=== Begin Enclosure ===
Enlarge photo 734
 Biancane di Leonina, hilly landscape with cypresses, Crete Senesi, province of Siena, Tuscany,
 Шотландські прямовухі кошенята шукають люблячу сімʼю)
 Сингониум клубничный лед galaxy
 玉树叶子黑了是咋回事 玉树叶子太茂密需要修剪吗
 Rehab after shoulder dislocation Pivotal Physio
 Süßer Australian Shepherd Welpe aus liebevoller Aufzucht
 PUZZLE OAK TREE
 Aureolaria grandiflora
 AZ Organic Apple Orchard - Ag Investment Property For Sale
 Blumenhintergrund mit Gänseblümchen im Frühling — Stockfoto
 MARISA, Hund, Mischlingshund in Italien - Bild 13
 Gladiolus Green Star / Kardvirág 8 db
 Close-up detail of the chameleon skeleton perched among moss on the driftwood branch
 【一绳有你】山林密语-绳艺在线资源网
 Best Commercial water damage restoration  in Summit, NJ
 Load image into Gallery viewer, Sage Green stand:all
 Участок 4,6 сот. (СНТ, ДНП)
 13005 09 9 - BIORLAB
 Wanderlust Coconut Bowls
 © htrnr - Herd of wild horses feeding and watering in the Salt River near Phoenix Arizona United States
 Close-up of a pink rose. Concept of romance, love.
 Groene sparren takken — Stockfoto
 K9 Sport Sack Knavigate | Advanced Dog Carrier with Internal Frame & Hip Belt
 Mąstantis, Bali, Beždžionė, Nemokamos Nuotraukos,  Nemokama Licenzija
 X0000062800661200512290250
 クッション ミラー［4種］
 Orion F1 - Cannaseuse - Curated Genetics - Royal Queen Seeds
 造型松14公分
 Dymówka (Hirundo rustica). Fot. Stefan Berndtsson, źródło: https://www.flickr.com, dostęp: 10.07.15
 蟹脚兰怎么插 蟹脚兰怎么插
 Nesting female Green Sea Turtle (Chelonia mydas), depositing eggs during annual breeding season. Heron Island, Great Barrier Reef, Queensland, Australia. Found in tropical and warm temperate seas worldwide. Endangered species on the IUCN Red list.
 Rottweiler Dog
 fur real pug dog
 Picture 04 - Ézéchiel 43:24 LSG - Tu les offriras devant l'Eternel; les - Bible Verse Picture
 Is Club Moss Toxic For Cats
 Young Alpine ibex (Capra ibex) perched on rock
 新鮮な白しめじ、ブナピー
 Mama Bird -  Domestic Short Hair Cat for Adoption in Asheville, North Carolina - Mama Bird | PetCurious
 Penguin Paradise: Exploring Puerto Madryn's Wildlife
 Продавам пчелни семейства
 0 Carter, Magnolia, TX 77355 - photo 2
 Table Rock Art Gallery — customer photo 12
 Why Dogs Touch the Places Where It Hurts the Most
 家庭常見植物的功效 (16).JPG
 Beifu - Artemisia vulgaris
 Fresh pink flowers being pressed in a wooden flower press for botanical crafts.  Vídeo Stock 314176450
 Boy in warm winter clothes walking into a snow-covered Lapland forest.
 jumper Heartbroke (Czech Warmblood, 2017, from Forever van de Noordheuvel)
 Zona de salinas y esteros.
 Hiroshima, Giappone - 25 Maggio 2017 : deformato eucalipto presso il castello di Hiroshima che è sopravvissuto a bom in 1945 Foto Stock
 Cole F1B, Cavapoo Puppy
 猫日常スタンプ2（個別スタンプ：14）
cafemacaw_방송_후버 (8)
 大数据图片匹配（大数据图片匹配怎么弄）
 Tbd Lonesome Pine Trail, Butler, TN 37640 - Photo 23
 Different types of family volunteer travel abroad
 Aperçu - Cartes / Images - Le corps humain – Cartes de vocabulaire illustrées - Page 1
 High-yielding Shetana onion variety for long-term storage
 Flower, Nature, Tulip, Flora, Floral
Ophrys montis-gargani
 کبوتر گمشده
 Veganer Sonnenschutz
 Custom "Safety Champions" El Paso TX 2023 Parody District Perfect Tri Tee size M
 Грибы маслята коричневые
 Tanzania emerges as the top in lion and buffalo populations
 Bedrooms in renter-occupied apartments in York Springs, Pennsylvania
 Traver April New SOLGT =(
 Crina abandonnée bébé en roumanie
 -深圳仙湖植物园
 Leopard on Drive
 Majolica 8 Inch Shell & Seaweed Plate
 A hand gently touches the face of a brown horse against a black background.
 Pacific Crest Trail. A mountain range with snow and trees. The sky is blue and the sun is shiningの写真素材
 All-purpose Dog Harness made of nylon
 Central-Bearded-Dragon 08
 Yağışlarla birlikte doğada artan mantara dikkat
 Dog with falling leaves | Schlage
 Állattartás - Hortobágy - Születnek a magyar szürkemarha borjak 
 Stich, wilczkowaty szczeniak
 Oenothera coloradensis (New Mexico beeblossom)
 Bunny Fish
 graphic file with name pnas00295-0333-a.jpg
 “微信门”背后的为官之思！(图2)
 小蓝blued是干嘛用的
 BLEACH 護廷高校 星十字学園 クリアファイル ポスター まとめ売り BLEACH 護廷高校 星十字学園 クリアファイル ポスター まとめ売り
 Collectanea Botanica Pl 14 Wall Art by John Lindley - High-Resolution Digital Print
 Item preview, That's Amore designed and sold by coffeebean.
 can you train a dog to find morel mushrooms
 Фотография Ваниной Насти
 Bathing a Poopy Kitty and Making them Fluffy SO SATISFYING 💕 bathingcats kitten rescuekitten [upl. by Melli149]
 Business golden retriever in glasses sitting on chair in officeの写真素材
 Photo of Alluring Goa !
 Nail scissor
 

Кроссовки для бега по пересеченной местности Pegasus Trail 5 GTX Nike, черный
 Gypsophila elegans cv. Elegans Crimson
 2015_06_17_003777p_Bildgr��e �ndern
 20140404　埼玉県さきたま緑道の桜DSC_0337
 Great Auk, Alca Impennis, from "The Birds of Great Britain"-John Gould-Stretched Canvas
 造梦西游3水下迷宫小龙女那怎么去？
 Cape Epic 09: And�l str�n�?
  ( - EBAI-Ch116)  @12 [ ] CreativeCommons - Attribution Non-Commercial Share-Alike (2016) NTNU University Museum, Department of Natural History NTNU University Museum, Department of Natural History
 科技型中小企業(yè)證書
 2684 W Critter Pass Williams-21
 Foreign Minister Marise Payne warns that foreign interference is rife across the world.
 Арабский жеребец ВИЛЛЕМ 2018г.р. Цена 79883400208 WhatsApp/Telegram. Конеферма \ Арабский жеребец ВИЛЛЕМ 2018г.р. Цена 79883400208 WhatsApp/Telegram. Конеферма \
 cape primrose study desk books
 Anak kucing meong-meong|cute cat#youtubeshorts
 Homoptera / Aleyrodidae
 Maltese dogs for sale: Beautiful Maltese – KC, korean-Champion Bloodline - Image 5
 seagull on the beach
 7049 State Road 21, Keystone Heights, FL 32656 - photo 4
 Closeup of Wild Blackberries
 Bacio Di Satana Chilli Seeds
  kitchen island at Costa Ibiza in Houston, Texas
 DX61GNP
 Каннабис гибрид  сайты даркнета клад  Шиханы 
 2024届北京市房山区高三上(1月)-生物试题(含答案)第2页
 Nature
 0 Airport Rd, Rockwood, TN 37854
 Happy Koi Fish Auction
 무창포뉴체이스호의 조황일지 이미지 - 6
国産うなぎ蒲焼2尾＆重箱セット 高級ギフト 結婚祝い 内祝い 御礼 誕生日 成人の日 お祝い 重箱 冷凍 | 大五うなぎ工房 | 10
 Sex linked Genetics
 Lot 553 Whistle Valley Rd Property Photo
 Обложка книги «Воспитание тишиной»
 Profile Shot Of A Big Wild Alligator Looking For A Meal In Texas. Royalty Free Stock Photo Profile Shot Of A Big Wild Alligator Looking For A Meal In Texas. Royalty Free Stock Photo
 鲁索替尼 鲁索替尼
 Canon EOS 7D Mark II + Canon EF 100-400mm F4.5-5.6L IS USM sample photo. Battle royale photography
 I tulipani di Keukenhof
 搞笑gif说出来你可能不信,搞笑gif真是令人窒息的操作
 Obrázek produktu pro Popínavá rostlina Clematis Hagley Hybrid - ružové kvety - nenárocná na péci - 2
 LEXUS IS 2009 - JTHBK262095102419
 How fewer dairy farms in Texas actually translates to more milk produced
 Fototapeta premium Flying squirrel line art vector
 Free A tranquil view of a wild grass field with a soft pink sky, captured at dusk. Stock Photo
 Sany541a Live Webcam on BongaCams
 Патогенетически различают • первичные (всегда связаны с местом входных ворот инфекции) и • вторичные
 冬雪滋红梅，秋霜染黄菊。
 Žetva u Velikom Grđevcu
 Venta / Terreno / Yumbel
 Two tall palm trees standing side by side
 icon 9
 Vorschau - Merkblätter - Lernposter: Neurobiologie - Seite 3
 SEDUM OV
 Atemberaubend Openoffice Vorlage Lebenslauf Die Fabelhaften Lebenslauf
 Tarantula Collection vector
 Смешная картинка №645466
=== End Enclosure ===
PROMPT:
Tell me how many lines in the records above include the word "pink"; the number is all that is needed.

EXERCISE SOLUTION:
3